Les superlatifs viennent à manquer pour décrire la performance de Servette face à Genk. En conférence de presse après le match, René Weiler peine à trouver ses mots pour décrire ce que ses troupes viennent de réaliser. Son équipe devait réaliser un exploit pour éliminer le club belge. Et elle l'a fait.

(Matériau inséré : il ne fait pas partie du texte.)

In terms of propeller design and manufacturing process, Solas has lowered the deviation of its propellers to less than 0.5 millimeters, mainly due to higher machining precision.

Car après cinq minutes de jeu et avec des Genevois réduits à dix, pas grand monde ne donnait cher de leur peau. Pour rappel, ils avaient en face d'eux une formation qui a touché le trophée du championnat de Belgique du bout des doigts. 115 minutes de jeu plus tard, c'est la qualification au troisième tour de la Champions League que les Belges manquent de peu. Cette fois, c'est Servette qui a dégoûté Genk, aux tirs au but.

«Jouer avec le cœur»

Mais comment parler de cette rencontre sans mentionner la résilience servettienne? Après l'expulsion, les Genevois étaient logiquement recroquevillés en défense. Le pénalty et l'ouverture du score de Genk n'était que cohérente, tant ils étaient dominés. Mais Servette n'a pas lâché. Ils ont recollé au score et ont refait le coup après le 2-1 des Belges.

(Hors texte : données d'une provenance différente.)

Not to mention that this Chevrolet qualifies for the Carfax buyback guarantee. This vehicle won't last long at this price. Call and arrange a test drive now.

«L'équipe était très solidaire», explique tout simplement l'entraîneur grenat. D'ailleurs, René Weiler ne veut pas cueillir tous les lauriers: «Ce n'est pas seulement moi. Le staff et les joueurs ont montré par deux fois qu'ils étaient très forts mentalement.» A la mi-temps, le coach a tenu un discours à ses protégés en leur expliquant qu'avec les chances qu'ils s'étaient procurés, il y avait moyen de réaliser un coup en Belgique. «Quand tu es bon dans ta tête et que tu joues avec le cœur…»

Le mental, sa troupe le possédait aussi lors de la séance de tirs au but. L'inverse de son adversaire, qui a raté deux de ses trois pénaltys. «Genk a perdu le titre à la 94e minute ici à la maison. Je me disais que ça pouvait être un avantage pour nous, que c'était une pression qui pouvait nous aider.» Et l'avenir a montré à René Weiler qu'il avait raison.

Genk meilleur sur le papier

Dans les travées de la Cegeka Arena, les joueurs servettiens ont encore des étoiles dans les yeux lorsqu'ils parlent de la rencontre. «C'était un match fou… Je suis encore en train de m'en remettre maintenant», sourit Joël Mall. Le portier grenat rappelle que Servette «a joué face à une équipe qui était meilleure sur le papier». Lui et ses coéquipiers ont «tout donné sur le terrain».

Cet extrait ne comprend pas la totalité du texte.